Suthers, who is running for re-election to a second term in November, reported $11,775 in campaign contributions from payday lenders in a ten-day period beginning June 28.
According to a campaign spokesman, payday lenders hosted the fundraiser for Suthers — which he attended — that brought in $9,175 in donations from eleven separate entities, both people and corporations, representing payday lenders from Colorado and nationwide.
According to Andrew Cole of the Starboard Group, which handles fundraising for Suthers’ campaign, the fundraiser was a private event that included only Suthers and the representatives of the payday lending companies. Cole and other campaign representatives did not return numerous calls to identify the event’s location or other details.
Suthers’ acceptance of those contributions, plus another $2,600 in contributions from payday lenders that came in during the next ten days, has been the source of complaints from consumer advocates who claimed the donations were intended to influence Suthers as his office wrote new rules for payday lending, the result of HB 10-1351.
The new rules were adopted last week by a subcommittee of the Council of Advisors on Consumer Credit, along with the administrator of the Uniform Consumer Credit Code, a division within the office of the Attorney General. Attorney General’s spokesman Mike Saccone told The Colorado Statesman that Suthers had no hand in writing the rules.
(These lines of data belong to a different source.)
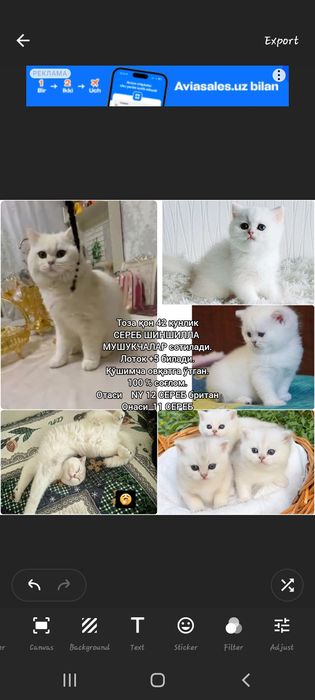 Britan mushukchalar sotuvda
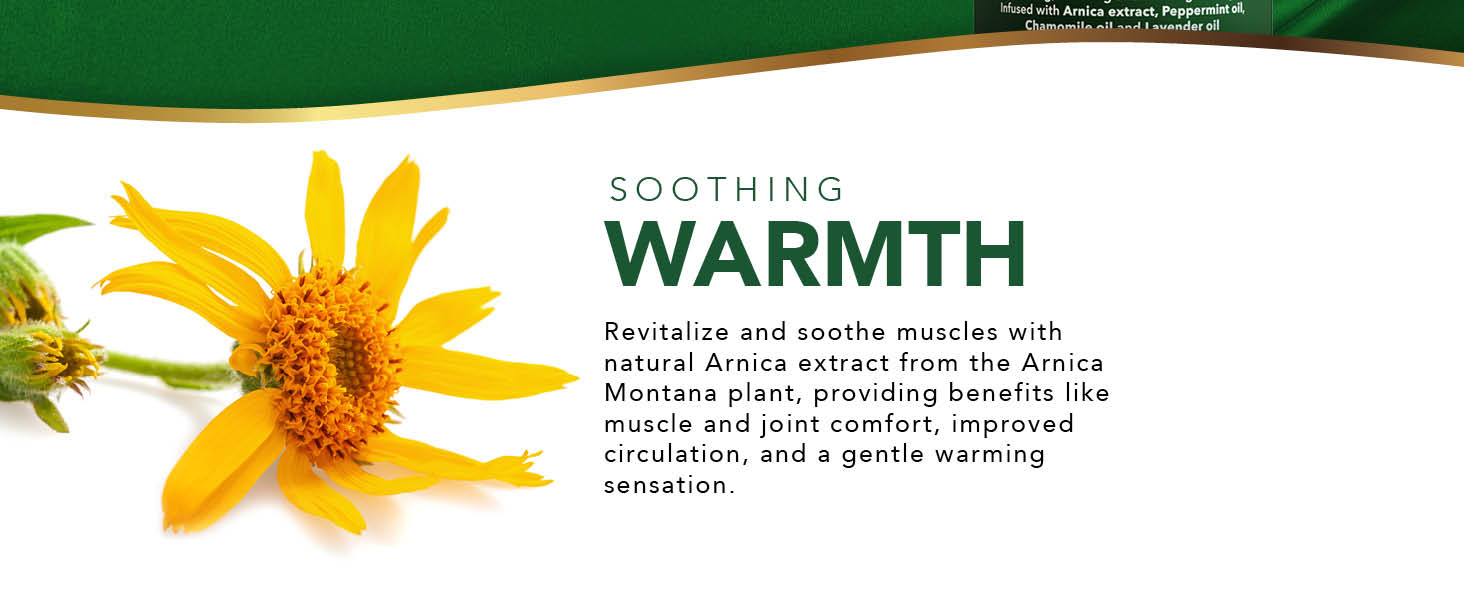 arnica extract soothing muscles massage oil warming oil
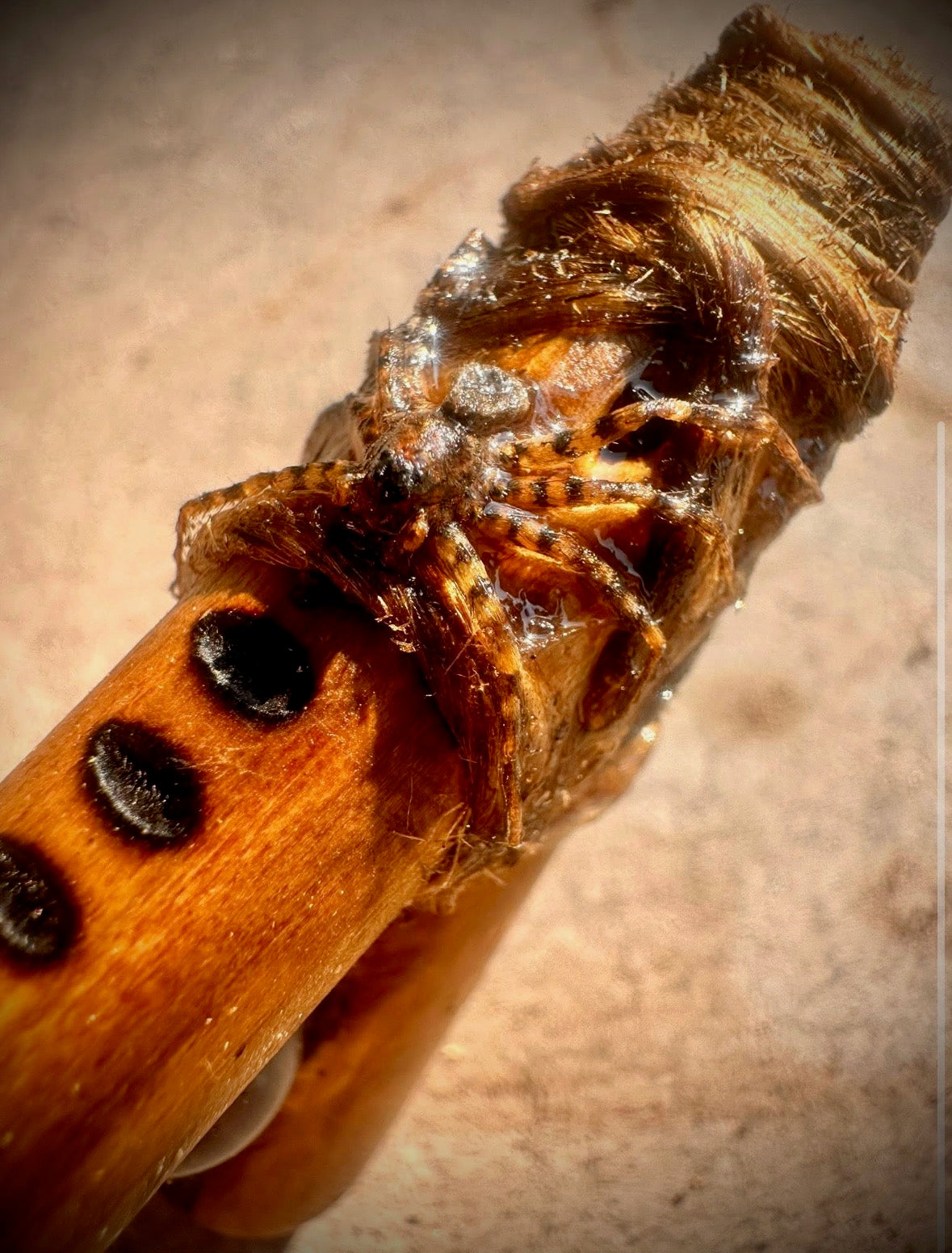 Wolf Spider & Amethyst Kuripe with Red Cedar Necklace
Corrine Fowler of the Colorado Progressive Coalition testified during the Aug. 31 hearing that an interpretation of the rules, issued by the UCCC, changed substantially between the first draft on June 18, and the second draft on July 29. The original interpretation said the payday lenders would have to refund, on a pro-rated basis, the origination fee for the loan. But the revised interpretation said the origination fee was fully earned at the time of the transaction and hence would not have to be refunded at all. The difference could mean millions of dollars for payday lenders, and Fowler and others charged that the timing of the campaign contribution was “questionable,” given that it came between the first interpretation and the revised one.
After last week’s three-hour hearing, Udis reversed herself on the revised interpretation and went back to the original premise, that consumers should be able to get at least a partial refund of the origination fee if the loans are paid back early, a decision cheered by Fowler and the original sponsor of HB 1351, Rep. Mark Ferrandino, D-Denver. Udis also made a campaign contribution to Suthers, a $25 donation that was received on July 14.
The campaign contributions also have been an issue in the election race between Republican Suthers and his Democratic challenger, Boulder County District Attorney Stan Garnett.
Garnett has called upon Suthers to return the campaign contributions, and he repeated that call on Tuesday. Garnett told The Statesman it wasn’t surprising that the campaign contributions came in on one day. “It’s obvious they were being coordinated to influence the rule-making process,” he said. “It’s just one more reason why he should have given them back.”